3. James Lee Jr. and Team / JPMorgan Chase

The $6.5 billion merger of UAL Corp.’s United Air Lines and Continental Airlines involved some of the biggest names in corporate deal making, but one stood out: James (Jimmy) Lee Jr.

The $6.5 billion merger of UAL Corp.’s United Air Lines and Continental Airlines involved some of the biggest names in corporate deal making, but one stood out: James (Jimmy) Lee Jr.

Lee, a vice chairman and veteran financier and merger adviser at JPMorgan Chase & Co., knew the deal inside out — and rightly so, given that he had negotiated an almost identical transaction for UAL chief executive Glenn Tilton in 2008.

Tilton, a fan of consolidation, had started conversations with a handful of fellow airline CEOs back in 2006. Continental looked like the ideal merger partner, and Lee and Tilton negotiated a deal only to have Continental CEO Lawrence Kellner and his board pull out on the eve of the announcement.

In 2009, when Kellner’s successor, Jeffery Smisek, got wind that Tilton — again advised by Lee — was talking to US Airways Group, he called the UAL boss and suggested that the two of them sit down together.

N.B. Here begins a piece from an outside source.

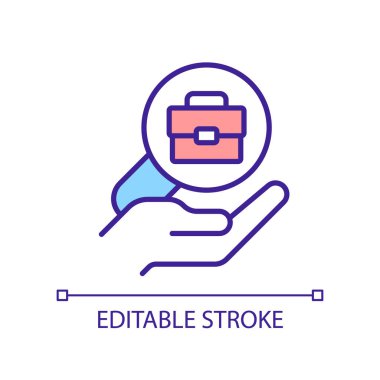 İş yeri RGB renk simgesini sağlayın. Çalışanları işe almak. İşe alım ve istihdam. - İş arıyorum. İzole vektör çizimi. Basit bir çizgi çizimi. Düzenlenebilir felç. Kullanılan Arial yazı tipi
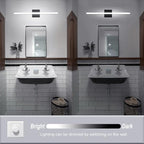 Combuh Bathroom Light Fixtures Dimmable Black Vanity Lights Bar 24 Inch 14W - Image 2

Lee says the deal they hammered out is virtually the same as the proposed transaction of 2008.

Lee, 57, ran a heavyweight JPMorgan team that included Thomas Miles, a managing director who left to join Morgan Stanley in July; Christopher Ventresca, co-head of North American M&A; and David Fox, head of Midwestern investment banking. He struck a good deal for Tilton: The owners of United parent UAL would hold 55 percent of the combined company, with Continental shareholders taking the rest. The latter got 1.05 UAL shares in exchange for each one of theirs. The combined entity formed the world’s largest carrier by revenues, leapfrogging Delta Air Lines.

Tilton also took counsel from Goldman Sachs’s Michael Carr, a senior member of the firm’s merger leadership group. Both banks were on par in terms of advice, but JPMorgan enjoyed a deeper relationship because it has long been a lender to UAL. Morgan Stanley M&A chief Robert Kindler worked with Continental alongside Lazard managing director Harry Pinson.